### Collected data ###
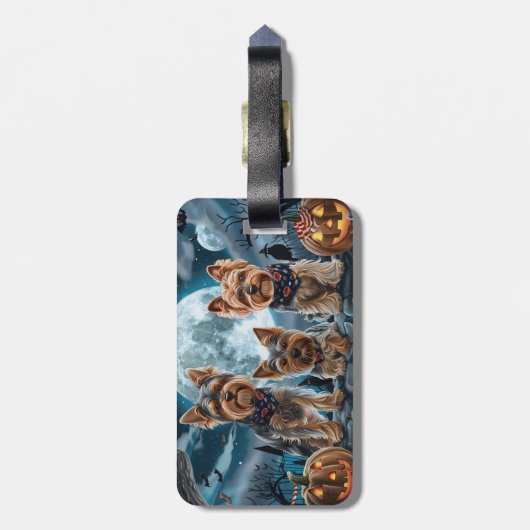 Yorkshire Terrier Halloween Spooky Bagagelabel (Achterkant verticaal)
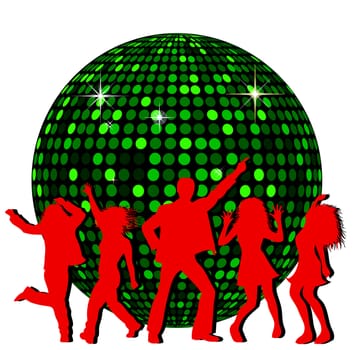 Disco Ball and dancing People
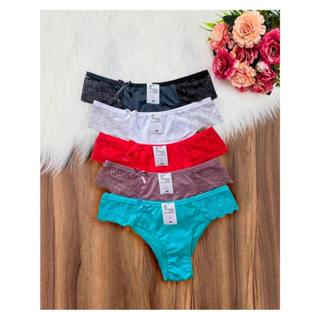 kit 10 calcinha tanga com renda poliéster tangão feminina calcinhas conforto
###
■ What you are asked to do ■
Everything in the listing above must be retyped exactly, except for the pictures.

■ Written answer ■
 Yorkshire Terrier Halloween Spooky Bagagelabel (Achterkant verticaal)
 Disco Ball and dancing People
 kit 10 calcinha tanga com renda poliéster tangão feminina calcinhas conforto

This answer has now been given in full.